Poulsen represented the third generation of leadership within the business. He took over the company from his father in 1971, stepping into the role at a time when global project cargo and breakbulk logistics were entering a period of industrial expansion driven by oil, gas, and heavy infrastructure development.
From that moment, his career became closely tied to the evolution of the sector itself.
Colleagues often described him as a steady hand during volatile market cycles. Through recessions, oil shocks, and shifting trade patterns, Poulsen maintained a reputation for measured decision making and long term client relationships rather than short term gains.
In practical terms, that meant standing on quaysides, visiting fabrication yards, and working directly with engineers and forwarders. For many in project freight, he was not simply an executive but a familiar face on site when complex cargo moved.
A generational transition in family leadership
Taking over a family company is never a symbolic act. It carries operational weight. When Poulsen assumed control in 1971, containerisation was reshaping liner shipping while breakbulk operators were redefining their value in oversized and heavy lift cargo.

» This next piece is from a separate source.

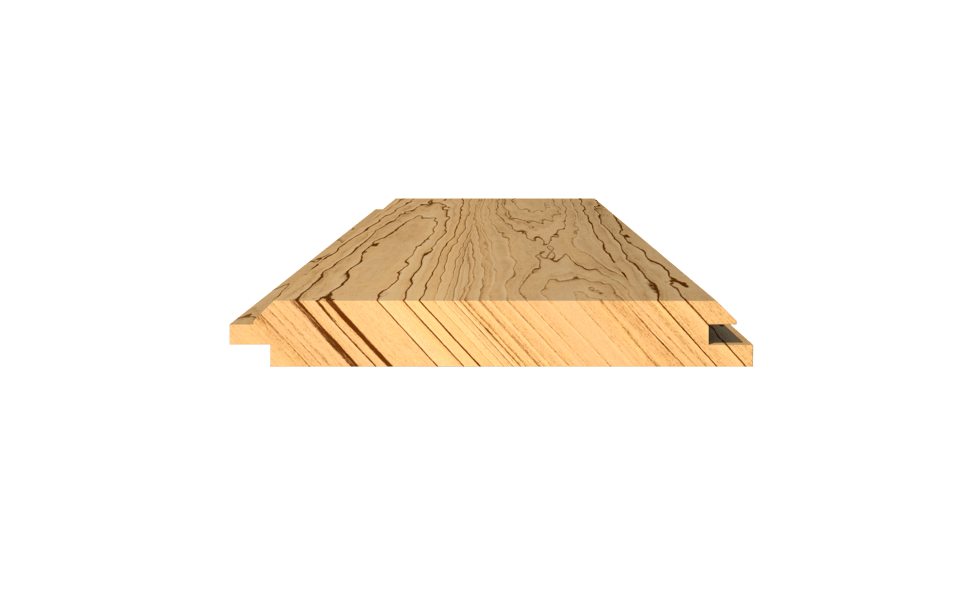 საფასადე თერმო-ხე, ნაძვი Alta Spruce 18*131*3600  M2: 0.4716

He positioned the company within that niche, focusing on project cargoes that required planning, engineering insight, and risk management rather than pure volume throughput.
Industry partners recall that he viewed each shipment as a standalone project. Wind components, industrial modules, or energy infrastructure were never “just cargo” but contractual responsibilities tied to construction schedules and financing milestones.
That mindset helped the company maintain relevance as project logistics grew more specialised.
Personal life and family
Poulsen is survived by his two sons, Anders and Peter, his life partner Ida, and four grandchildren.
For many who worked alongside him, family and business were closely linked. Sons visiting terminals or company offices during school years was not unusual. It reflected the generational continuity that defined the firm’s ownership structure.
Whether future leadership will remain within the family has not been publicly detailed.